All this week, Josh Moyer and I will offer our picks on who will lead the Big Ten in several individual statistical categories this fall. Today's Take Two looks at who will be this year's receiving yards champion in the league.
Take 1: Josh Moyer
Only eight Big Ten receivers surpassed 800 yards last season and only four return this season. Of those four, only one -- Nebraska’s Jordan Westerkamp -- has his quarterback returning in 2016. That sure sounds like a safe pick to me.
I debated going with both Indiana's Simmie Cobbs and Penn State’s Chris Godwin. But Joe Moorhead’s offenses have tended to spread the ball around more, and the Hoosiers won’t have Nate Sudfeld flinging the ball downfield. It’s a different dynamic over at Nebraska. Tommy Armstrong Jr., the Big Ten’s only returning 3,000-yard passer, should take a step forward this season, and Westerkamp has made big strides every offseason. He increased his receptions from 20 as a freshman to 44 and then 65. There’s little reason to believe he will go in reverse this year.
Westerkamp is a natural playmaker, and he doesn’t need a lot of receptions to amass a ton of yards. He caught more passes thrown over 20 yards last season than any other returning B1G wideout. Cobbs needs to be in space to really take advantage of his skills; Westerkamp can be anywhere. Heck, so can the ball. He’s made acrobatic catches and has the ability to adjust with the offense.

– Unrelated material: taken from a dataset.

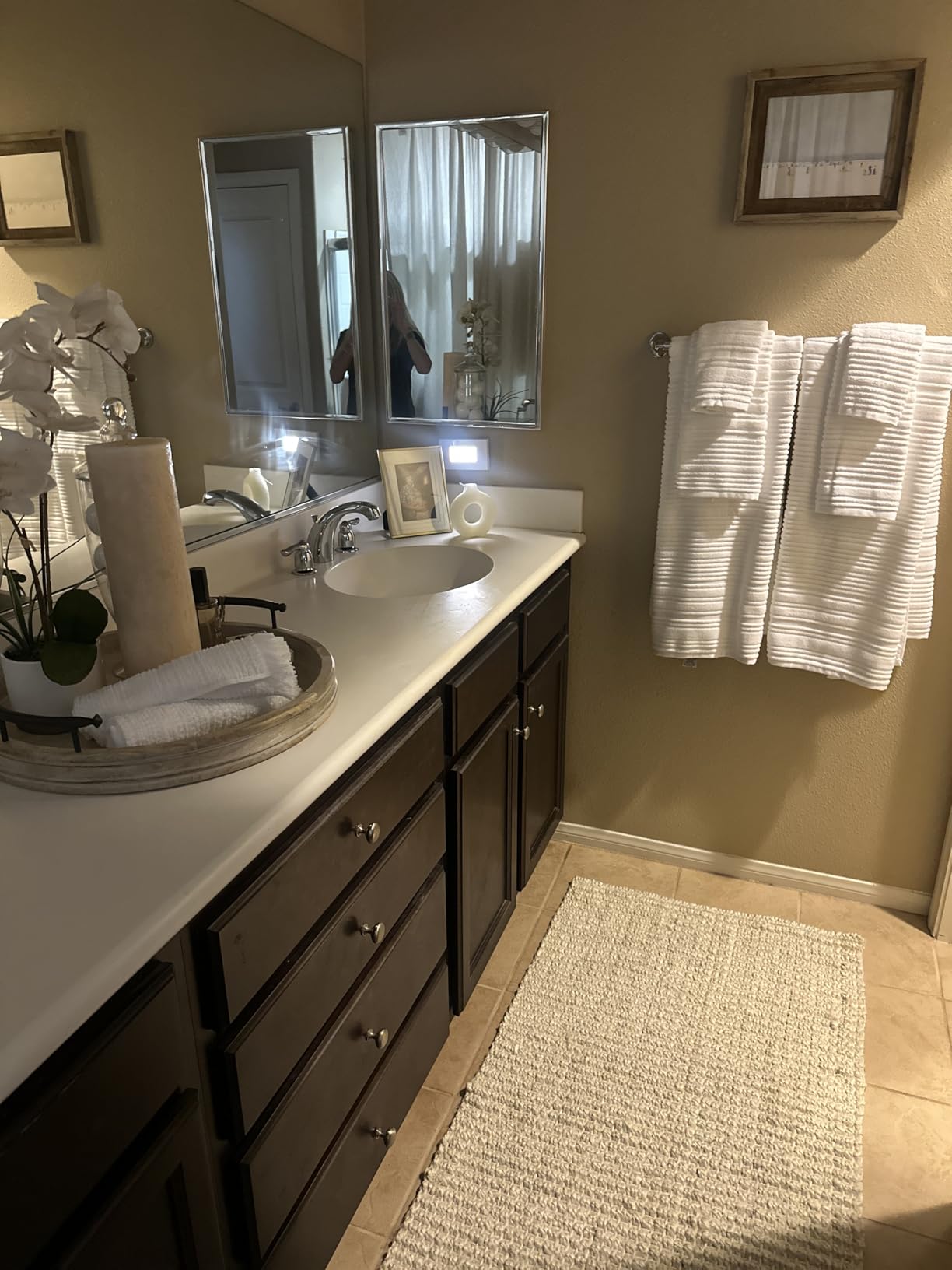 SAFAVIEH Natural Fiber Collection Area Rug - 5' x 8', Natural, Handmade Farmhouse Jute, Ideal for High Traffic Areas in Living Room, Bedroom (NF730C) customer photo 1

According to Pro Football Focus, he’s the highest-rated returning receiver among the Power 5. And he plays three passing defenses that were ranked among the 25 worst last season. Add that all together and Westerkamp has a solid chance to surpass 1,000 yards for the first time in his career -- and lead the conference in receiving.
Take 2: Brian Bennett
Cobbs caught 60 passes for 1,035 yards last year as a true sophomore. Godwin is the only returning receiver who had more yards in 2015, and he won't have Christian Hackenberg around in what should be a more ground-based Penn State offense this fall. Cobbs has work to do on his game still; he's skinny, which means he can be pushed off his routes at time, and as Josh mentioned, he does most of his damage in open space and particularly on deep balls.

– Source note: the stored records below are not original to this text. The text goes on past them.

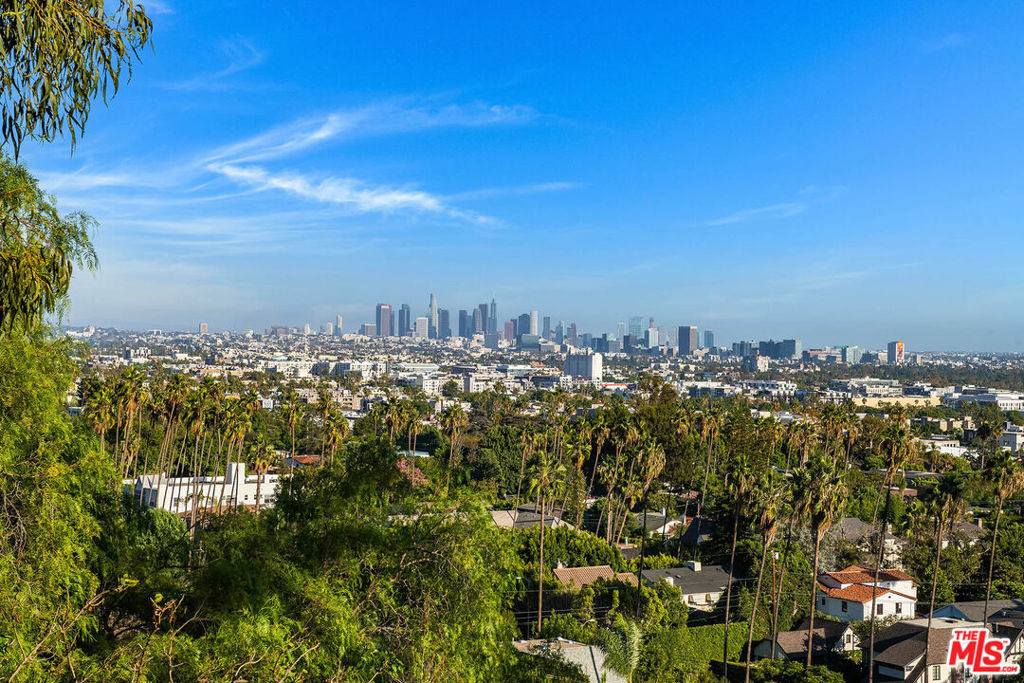 1750 N Fairfax Avenue - Photo 0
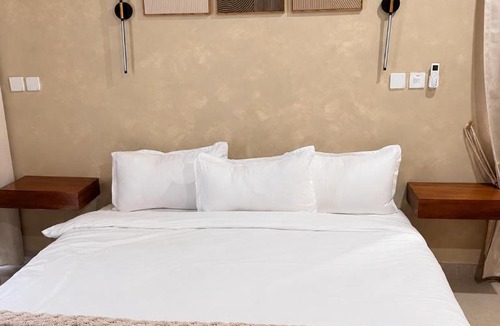 Komenda House | Villa Saints- Private ocean front beach villa near Elmina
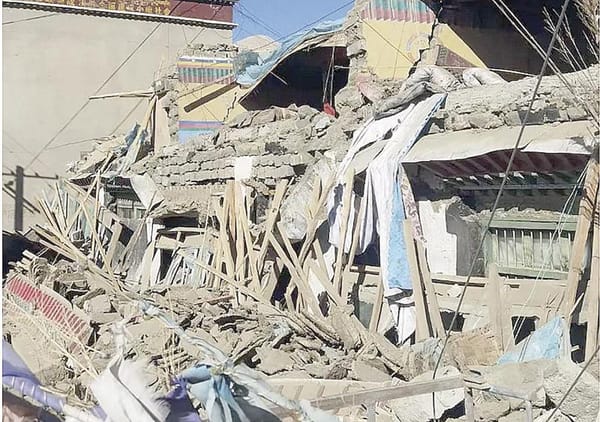 ¡SUMAN 126 MUERTOS POR TERREMOTO EN EL TIBET!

Here's the thing, though: Lagow probably has a stronger pure arm than even Sudfeld, so the deep throw could be a go-to play for Indiana this season. The 6-foot-4 Cobbs will be a tough matchup down the field for any Big Ten cornerback, and there's reason to believe he'll continue to improve, especially on his drop percentage of 8.2, which ranked 211th among Power 5 receivers in 2015. As he gets older and stronger, he'll be better going over the middle and on other shorter routes.
Still, Cobbs' forte is going deep, and getting lots of yards per catch (17.3 per reception last year -- only six Power 5 players with more than 40 catches had a higher mark). That's a good way to rack up a high season total and why I think Cobbs will lead the Big Ten in receiving yards.